CIMAHI-GMN,- Pemerintah Kota Cimahi menggelar Malam Anugerah Kebudayaan 2025 di Alam Wisata Cimahi, Jumat (28/11). Enam tokoh dan komunitas budaya menerima penghargaan atas dedikasi mereka menjaga dan mengembangkan seni tradisi di Kota Cimahi.
Acara ini merupakan puncak dari proses kurasi sejak awal Oktober, mulai dari penjaringan nominasi hingga verifikasi lapangan oleh tim kurator.

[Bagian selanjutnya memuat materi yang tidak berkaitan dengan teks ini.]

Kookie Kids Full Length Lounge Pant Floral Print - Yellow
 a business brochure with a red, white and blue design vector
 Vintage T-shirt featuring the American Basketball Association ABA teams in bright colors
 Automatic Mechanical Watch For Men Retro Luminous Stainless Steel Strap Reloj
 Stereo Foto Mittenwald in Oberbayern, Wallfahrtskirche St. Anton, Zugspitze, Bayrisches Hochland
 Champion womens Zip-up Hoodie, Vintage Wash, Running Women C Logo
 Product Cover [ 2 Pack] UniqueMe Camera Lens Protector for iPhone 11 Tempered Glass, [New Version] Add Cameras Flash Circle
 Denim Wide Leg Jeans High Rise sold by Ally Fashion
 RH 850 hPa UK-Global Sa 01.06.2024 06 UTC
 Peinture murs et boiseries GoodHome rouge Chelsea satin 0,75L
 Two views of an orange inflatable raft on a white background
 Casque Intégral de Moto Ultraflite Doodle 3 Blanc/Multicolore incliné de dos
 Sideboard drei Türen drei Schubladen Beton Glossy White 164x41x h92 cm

Wali Kota Cimahi Ngatiyana mengatakan penghargaan itu menjadi bentuk penghormatan pemerintah terhadap para pelaku budaya yang dinilai konsisten merawat identitas kota.

“Kebudayaan adalah jati diri. Para pelaku budaya sudah menunjukkan dedikasi dan keteladanan melalui karya mereka. Ini wujud pengakuan atas kontribusi mereka,” kata Ngatiyana.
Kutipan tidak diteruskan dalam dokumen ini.